Given data: Begin

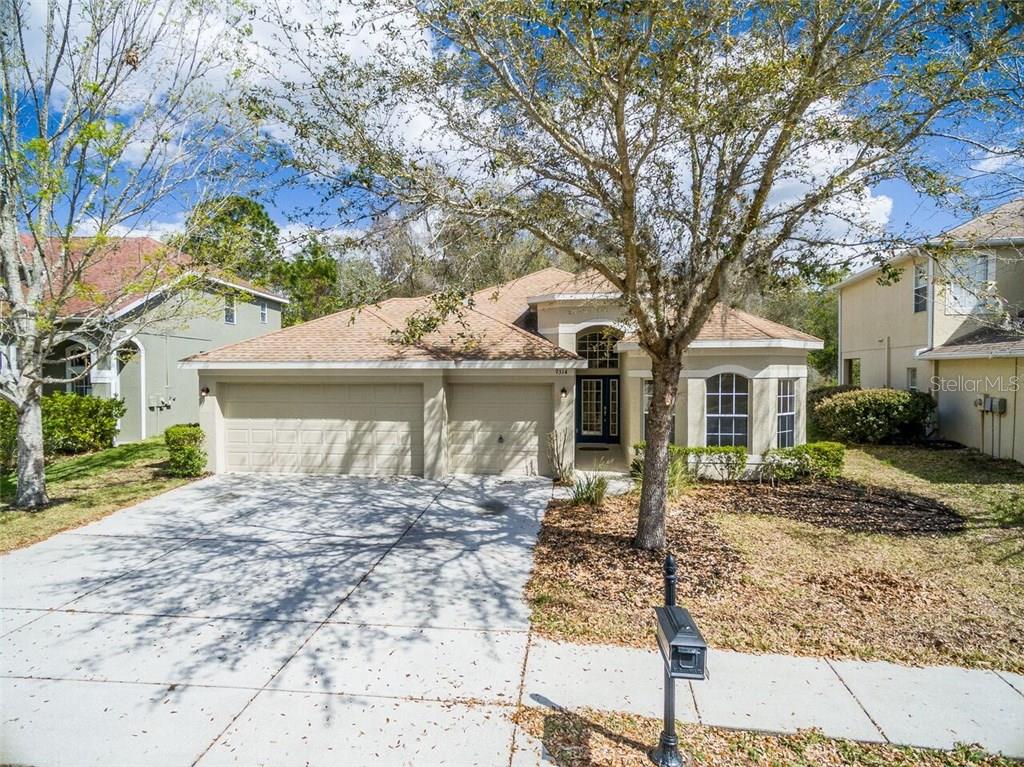 9314 Edistro Place New Port Richey, FL 34654 - Photo 1 of 1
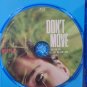 Don't Move (Blu-ray) 2024 Horror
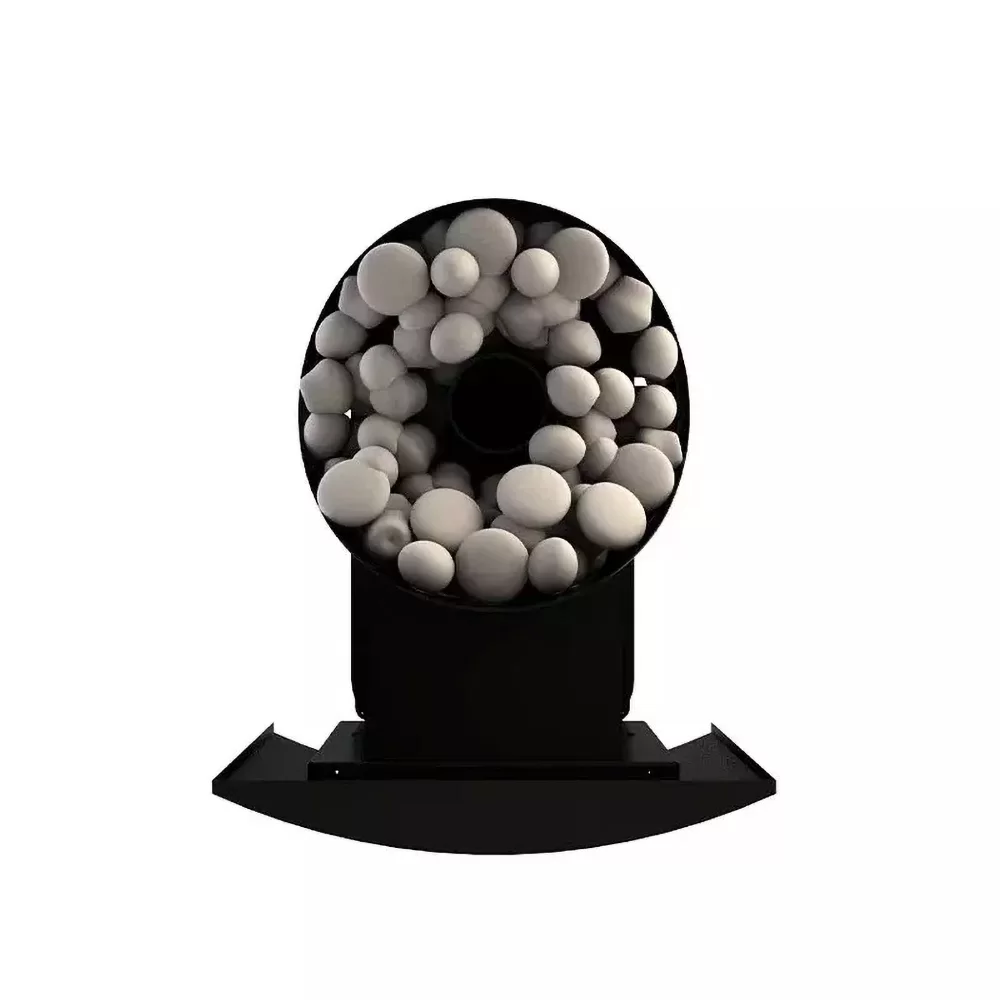 Печь банная Grill'D Aurora 180 Window в Гродно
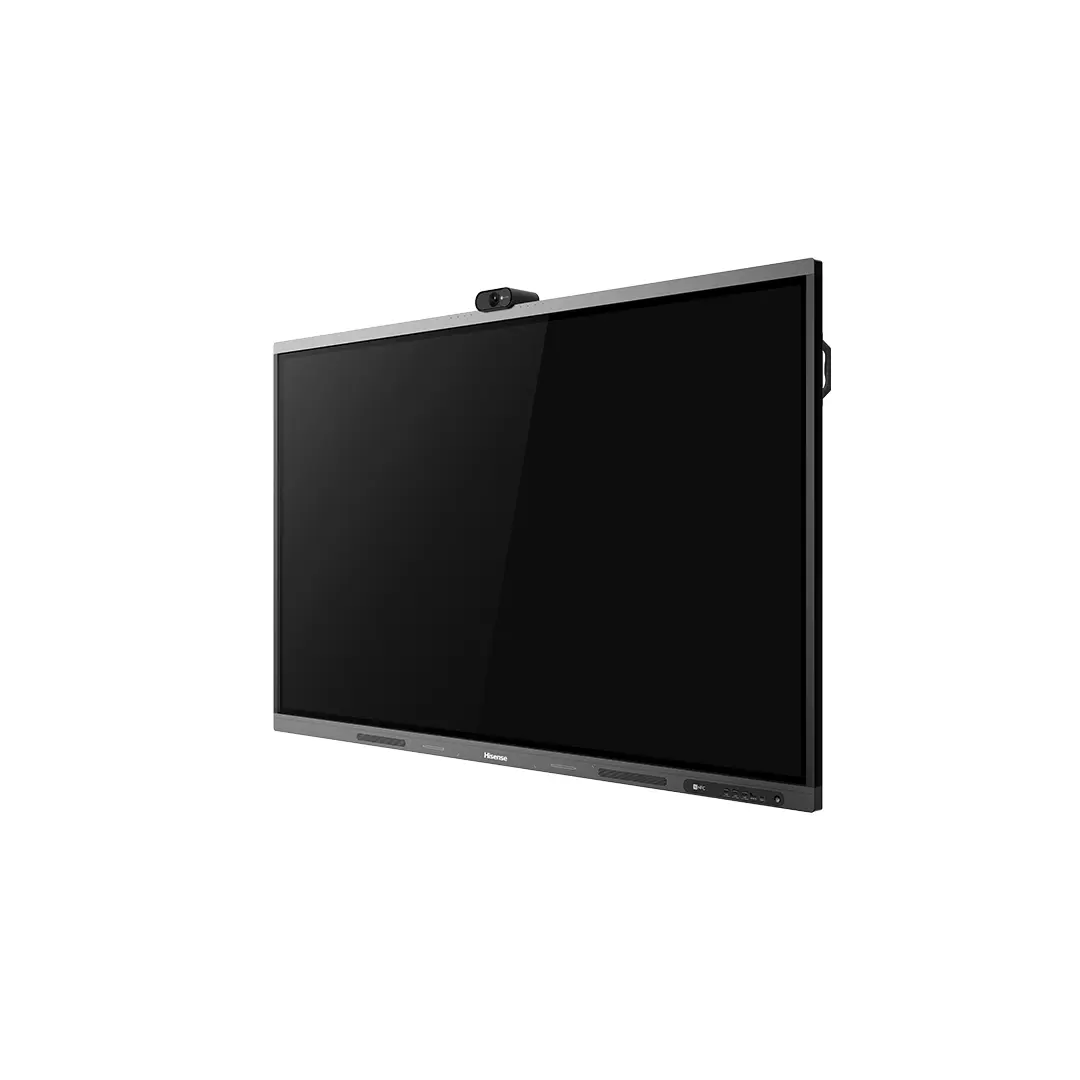 Hisense Interactive Digital Board Display TV 75 Inch with Camera WM6FE-A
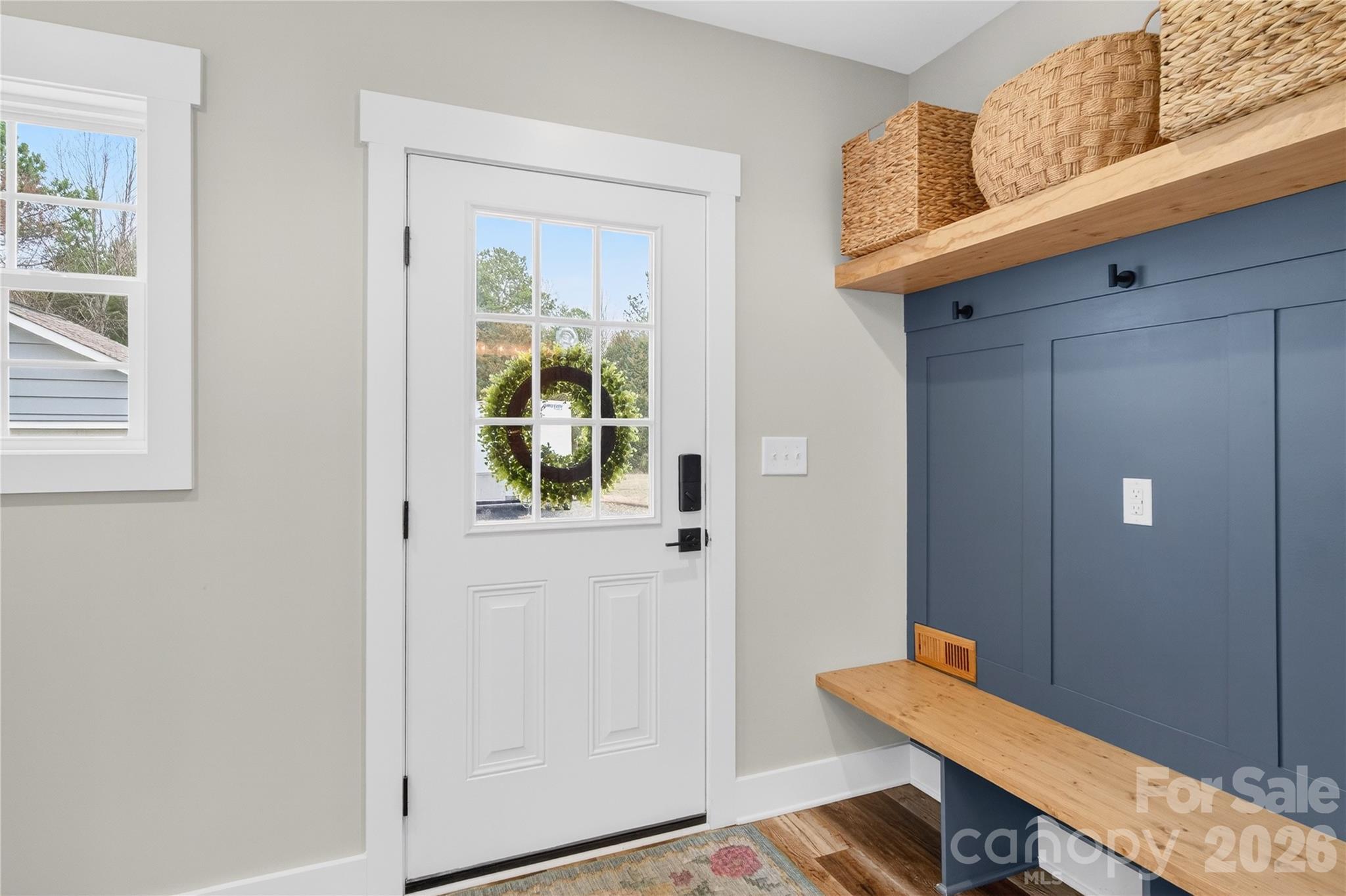 581 Hicks Creek Road Troutman, NC 28166 - Photo 7 of 48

Given data: End

What you have to do: Transcribe the listing above in full. Pictures are not part of the copy.

Solution for this exercise:
 9314 Edistro Place New Port Richey, FL 34654 - Photo 1 of 1
 Don't Move (Blu-ray) 2024 Horror
 Печь банная Grill'D Aurora 180 Window в Гродно
 Hisense Interactive Digital Board Display TV 75 Inch with Camera WM6FE-A
 581 Hicks Creek Road Troutman, NC 28166 - Photo 7 of 48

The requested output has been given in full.